Building Collision Quadtree: Extending the Pattern
Retrospective from the ArtCraft project - a Warcraft-style RTS built with Love2D
Problem
Peon:canMoveTo() was checking collisions against ALL buildings every time it was called. This function is called up to 8 times per peon per frame (once for each movement direction).
-- OLD: O(peons x buildings)
function Peon:canMoveTo(newX, newY, buildings)
for _, b in ipairs(buildings) do -- Loops ALL buildings!
local penetration = self:getBuildingPenetration(newX, newY, b)
if penetration > 0 then
return false
end
end
return true
end
Impact Analysis
| Scenario | Peons | Buildings | Checks/Frame |
|---|---|---|---|
| Early game | 7 | 10 | 7 x 8 x 10 = 560 |
| Mid game | 20 | 30 | 20 x 8 x 30 = 4,800 |
| Late game | 40 | 60 | 40 x 8 x 60 = 19,200 |
| Stress test | 60 | 100 | 60 x 8 x 100 = 48,000 |
On larger maps (256x256), players build more structures and train more peons, making this bottleneck increasingly severe.
Solution
Reuse the existing quadtree infrastructure (from unit separation optimization) for buildings.
Changes
- gameplay.lua: Added
buildingQuadtreealongside existingunitQuadtree- Accessor functions
getBuildingX/getBuildingYuse building center fromgetWorldBounds() - Refreshed once per frame (buildings don’t move, but can be built/destroyed)
- Passed to peons via
peon.buildingQuadtreeRefproperty injection
- Accessor functions
- peon.lua: Modified
canMoveTo()to query nearby buildings- Query radius: 78 pixels (peon radius + max 3x3 building half-size + margin)

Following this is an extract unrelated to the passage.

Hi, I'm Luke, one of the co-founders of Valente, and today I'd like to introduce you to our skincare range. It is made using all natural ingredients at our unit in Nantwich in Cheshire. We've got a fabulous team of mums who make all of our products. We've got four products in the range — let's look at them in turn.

- Falls back to linear search if quadtree unavailable
- Uses reusable results table to avoid per-query allocation
-- NEW: O(peons x log(buildings))
function Peon:canMoveTo(newX, newY, buildings)
local nearbyBuildings
if self.buildingQuadtreeRef then
nearbyBuildings = self.buildingQuadtreeRef:query(
newX, newY, BUILDING_QUERY_RADIUS,
queryResults, getBuildingQX, getBuildingQY
)
else
nearbyBuildings = buildings -- Fallback
end
for _, b in ipairs(nearbyBuildings) do
-- Only checks 1-4 buildings instead of all 30+
end
end
Benchmark Results
============================================================
BENCHMARK: Building Collision - Quadtree vs Linear
============================================================
--- Early game (7 peons, 10 buildings) ---
OLD (linear): 0.0074s (56000 collision checks)
NEW (quadtree): 0.0047s (0 collision checks)
Speedup: 1.58x faster
--- Mid game (20 peons, 30 buildings) ---
OLD (linear): 0.0629s (480000 collision checks)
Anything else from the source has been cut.